··· The data

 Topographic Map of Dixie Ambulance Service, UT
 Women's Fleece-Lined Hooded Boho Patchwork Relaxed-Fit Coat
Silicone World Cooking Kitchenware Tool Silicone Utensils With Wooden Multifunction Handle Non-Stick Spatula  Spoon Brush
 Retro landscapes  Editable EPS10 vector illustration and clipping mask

······
··· The data

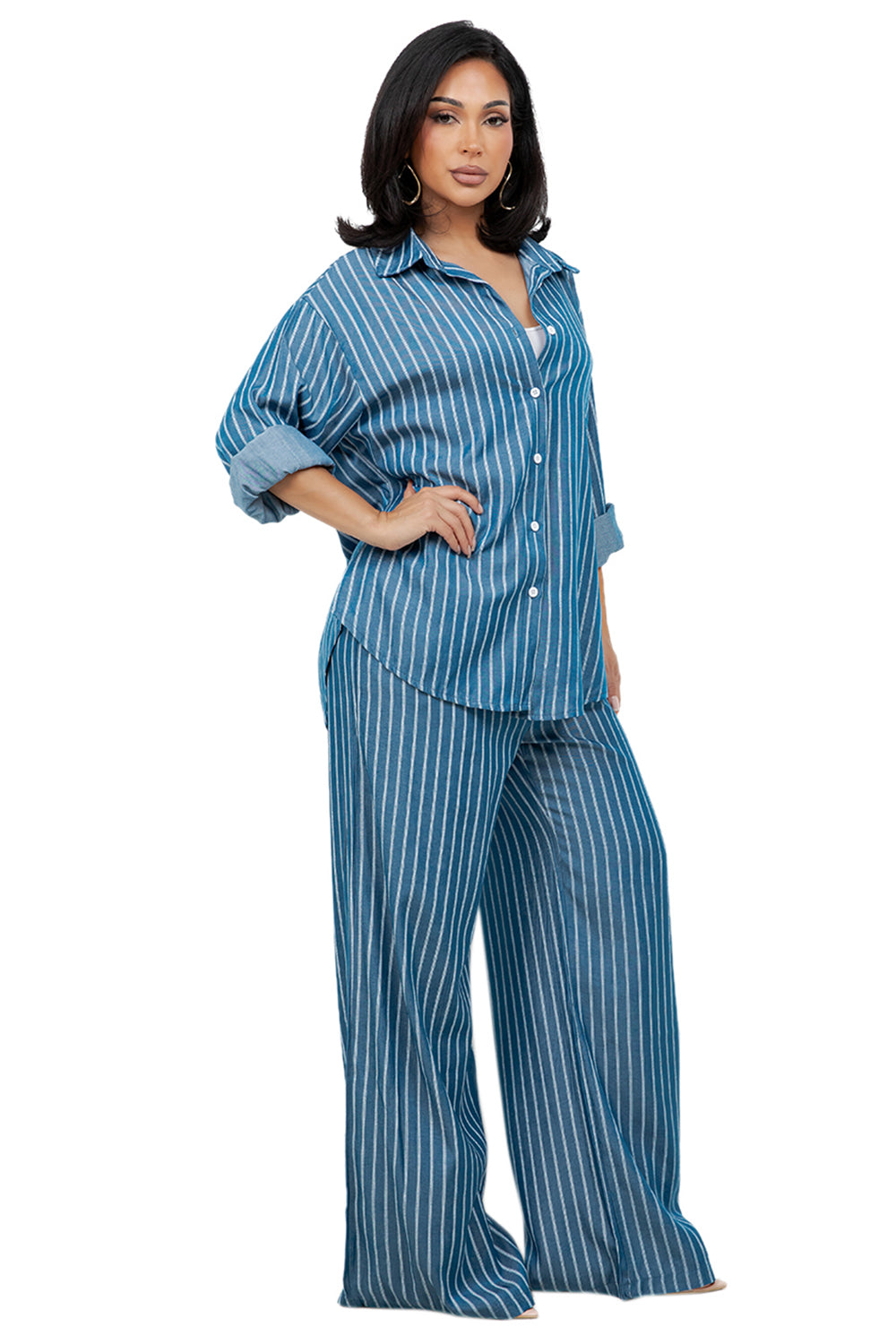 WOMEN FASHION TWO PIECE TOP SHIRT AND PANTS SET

······

### What needs to be done
Could you reproduce exactly the lines of the entries above, from the one with "Topographic Map of" through the one with "and clipping mask", and nothing else?

### Exercise result
 Topographic Map of Dixie Ambulance Service, UT
 Women's Fleece-Lined Hooded Boho Patchwork Relaxed-Fit Coat
Silicone World Cooking Kitchenware Tool Silicone Utensils With Wooden Multifunction Handle Non-Stick Spatula  Spoon Brush
 Retro landscapes  Editable EPS10 vector illustration and clipping mask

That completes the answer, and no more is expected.